* Supplied information:

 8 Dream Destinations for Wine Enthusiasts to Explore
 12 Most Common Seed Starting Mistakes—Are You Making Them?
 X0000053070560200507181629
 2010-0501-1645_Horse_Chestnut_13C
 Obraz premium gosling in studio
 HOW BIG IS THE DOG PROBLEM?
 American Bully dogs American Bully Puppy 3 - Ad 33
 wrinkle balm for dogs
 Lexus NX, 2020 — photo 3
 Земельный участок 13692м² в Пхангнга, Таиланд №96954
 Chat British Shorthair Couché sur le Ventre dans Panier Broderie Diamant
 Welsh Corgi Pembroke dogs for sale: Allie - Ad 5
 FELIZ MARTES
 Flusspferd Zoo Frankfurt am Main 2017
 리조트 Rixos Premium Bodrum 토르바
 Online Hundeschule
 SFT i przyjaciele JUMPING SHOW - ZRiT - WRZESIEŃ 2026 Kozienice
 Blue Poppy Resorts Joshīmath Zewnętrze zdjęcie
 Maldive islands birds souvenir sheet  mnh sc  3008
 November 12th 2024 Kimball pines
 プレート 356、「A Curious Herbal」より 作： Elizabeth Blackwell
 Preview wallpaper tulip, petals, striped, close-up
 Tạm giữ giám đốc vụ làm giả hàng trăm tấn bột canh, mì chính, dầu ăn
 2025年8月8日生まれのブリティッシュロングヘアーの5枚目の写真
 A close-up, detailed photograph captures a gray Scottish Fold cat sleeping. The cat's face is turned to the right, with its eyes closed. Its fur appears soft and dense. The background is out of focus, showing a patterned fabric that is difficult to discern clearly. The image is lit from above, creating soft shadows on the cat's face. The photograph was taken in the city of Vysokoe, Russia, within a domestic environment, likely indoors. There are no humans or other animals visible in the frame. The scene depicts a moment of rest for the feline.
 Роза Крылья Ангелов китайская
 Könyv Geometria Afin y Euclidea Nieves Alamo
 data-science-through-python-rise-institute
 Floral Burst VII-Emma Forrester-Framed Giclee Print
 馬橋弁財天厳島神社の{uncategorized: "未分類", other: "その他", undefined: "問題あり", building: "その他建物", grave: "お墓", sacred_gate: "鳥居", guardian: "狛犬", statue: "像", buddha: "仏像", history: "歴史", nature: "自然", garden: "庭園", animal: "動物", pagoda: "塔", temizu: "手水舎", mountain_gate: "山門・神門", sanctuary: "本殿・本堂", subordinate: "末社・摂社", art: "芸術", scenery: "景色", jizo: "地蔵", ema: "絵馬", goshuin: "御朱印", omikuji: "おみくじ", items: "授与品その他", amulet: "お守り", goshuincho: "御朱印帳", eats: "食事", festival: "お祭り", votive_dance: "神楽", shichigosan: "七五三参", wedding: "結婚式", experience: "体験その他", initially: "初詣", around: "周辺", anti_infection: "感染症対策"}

* Exercise goal:
Out of the material above, select every line that holds the string "close".

* The completed task:
 Preview wallpaper tulip, petals, striped, close-up
 A close-up, detailed photograph captures a gray Scottish Fold cat sleeping. The cat's face is turned to the right, with its eyes closed. Its fur appears soft and dense. The background is out of focus, showing a patterned fabric that is difficult to discern clearly. The image is lit from above, creating soft shadows on the cat's face. The photograph was taken in the city of Vysokoe, Russia, within a domestic environment, likely indoors. There are no humans or other animals visible in the frame. The scene depicts a moment of rest for the feline.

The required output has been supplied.